CuTile Attention Paradox
The substantial performance variance between the B200 and RTX PRO 6000 platforms, despite identical CuTile kernel code, underscores a critical gap in compiler optimization specifically targeted at different Blackwell variants. This points to the importance of future compiler maturity and enhancements to better cater to workstation-class GPUs.
Figure 3: The CuTile attention paradox: identical kernel code produces 2.51 times higher throughput than FlashAttention-2 on B200 (solid lines) but 47% lower on RTX PRO 6000 (dashed lines). This 5.6 times cross-architecture gap is the largest observed for any abstraction.
Implications and Future Directions
CuTile provides a substantial productivity benefit by allowing high-performance kernel expression in tens of lines of Python code. Its applicability is most pronounced on the B200 (datacenter-class Blackwell GPUs) due to impressive performance in fused attention tasks. However, the workstation-class RTX PRO 6000 exposes a need for significant cross-architecture tuning improvements. This suggests caution in deploying CuTile widely without thorough, hardware-specific benchmarking.
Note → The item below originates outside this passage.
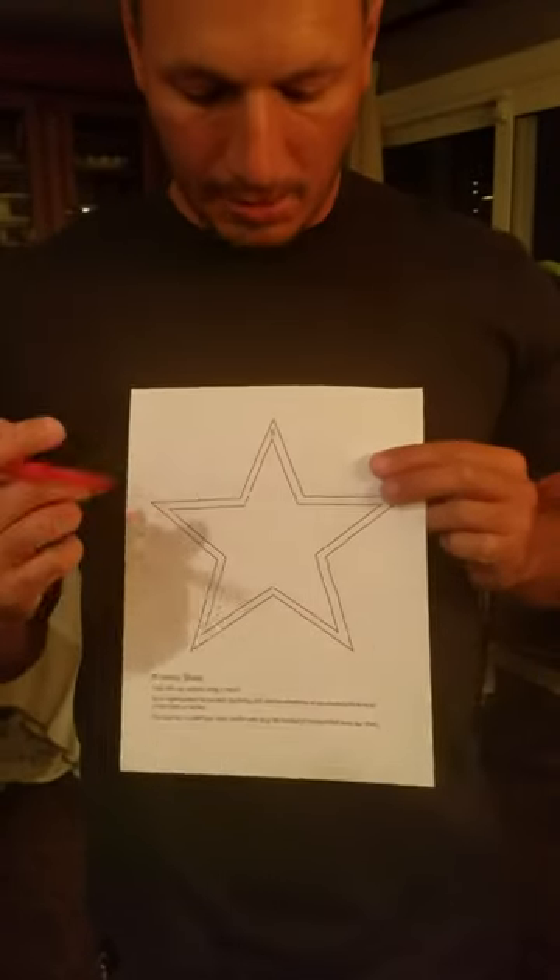This is the mirror drawing experiment. What you're going to do is take this outline — if you don't have a printer available, go ahead and trace or freehand draw this — and give yourself a little bit of space, maybe an eighth to a quarter of an inch between the two shapes. Make sure it's a five-pointed star.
Figure 4: Normalized performance heatmap. Left: GEMM throughput as percentage of cuBLAS. Right: attention throughput as percentage of FlashAttention-2. CuTile on B200 achieves up to 251% of FA2 (dark green), while CuTile on RTX PRO 6000 reaches only 53% (orange-red).
Conclusion
CuTile introduces a promising paradigm shift towards simplified, highly efficient kernel development for AI workloads within NVIDIA's ecosystem. It demonstrates potential as a practical replacement for more complex hand-written approaches on Blackwell architecture, specifically for attention workloads on datacenter-grade GPUs. However, issues of portability and optimization across different architectures remain, emphasizing the importance of targeted compiler advancements. As CUDA Toolkit and tileiras compiler technologies evolve, CuTile's utility and range are expected to expand, potentially offering comprehensive GPU kernel solutions for AI inference.